WARNING: Still testing this code
library ServiceTypeExample
using FHIR version '4.0.0'
include FHIRHelpers version '4.0.0' called FHIRHelpers
codesystem "ServiceType": 'http://terminology.hl7.org/CodeSystem/service-type'
code "Cardiovascular Disease": '276' from "ServiceType"
context Patient
define "Encounter Criteria":
exists([Encounter] E where E.serviceType = "Cardiovascular Disease")
Sometimes the phenotype definition specifies that a diagnosis should be made by
a provider and/or come from the encounter or problem list. We use Condition to
model this as follows.
codesystem "ConditionCategoryCodes": 'http://terminology.hl7.org/CodeSystem/condition-category'
code "problem-list-item": 'problem-list-item' from "ConditionCategoryCodes"
code "encounter-diagnosis": 'encounter-diagnosis' from "ConditionCategoryCodes"
concept "PhysicianDiagnosisCategory": { "problem-list-item", "encounter-diagnosis" } display 'Physician Diagnosis Category'
define "Has Physician T2DM Diagnosis":
Count([Condition: "Type 2 DM"] C
where C.category ~ "PhysicianDiagnosisCategory") >= 2
- resourceType: Condition
code: ICD9CM#250.52 Diabetes with ophthalmic manifestations, type II or unspecified type, uncontrolled
onsetDateTime: "2014-10-10T00:00:00.000Z"

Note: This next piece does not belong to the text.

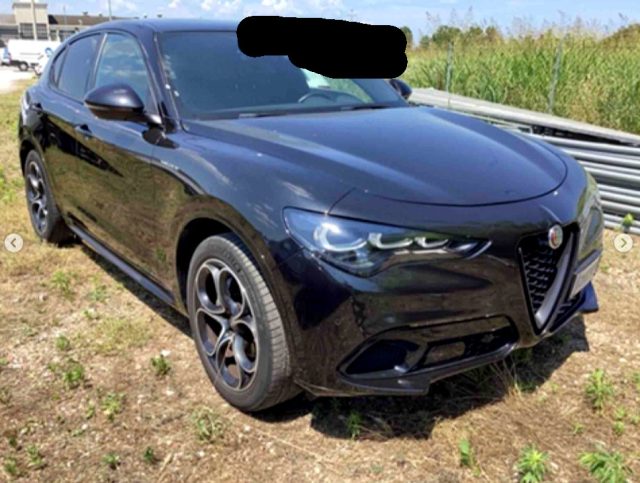 Alfa Romeo Stelvio 2.2t Veloce Q4 210cv F1 UNIPRO IVA DEDUCIBILE PREZ - foto 3 di 4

recordedDate: "2014-10-10T16:00:00.000Z"
category: http://terminology.hl7.org/CodeSystem/condition-category#problem-list-item Problem List
There are very many ways to model medications in FHIR with varying levels of complexity. It is possible to model the workflow order-dispense-administration workflow step by step, and it is also possible to just capture that a drug was take using a single resource. In this work we opt for the latter approach, but we should discuss the implications in the publication.
We choose to model drugs at the RxNorm ingredient level unless the phenotype
definition explicitly states otherwise, and we use the MedicationRequest resource
with status = completed as follows:
define function "Sodium Channel Blocking Drugs Before Date"(
endDate DateTime
):
[MedicationRequest: "Sodium Channel Blocking Drugs"] M
where M.authoredOn on or before endDate
- resourceType: MedicationRequest
code: RXNORM#5691 imipramine
authoredOn: "2007-11-12T16:00:00.000Z"
status: completedWe are currently ignoring the NLP parts of phenotype definitions as we currently have no NLP pipeline in place to integrate with.
We use Observation resources with LOINC codes to model labs.
Many of the eMERGE phenotypes only consider patients that have been sequenced. We
model this using an Observation noting that biobank specimens are available:
- resourceType: Observation
code: LOINC#75520-7 Biobank specimens are stored and available for research- We use a top-level statement with the name
"Case"as the phenotype entry point. If this statement evaluates to true for a patient, then they are considered a case. - We use
ValueSetresources as much as possible instead of individual codes or concepts.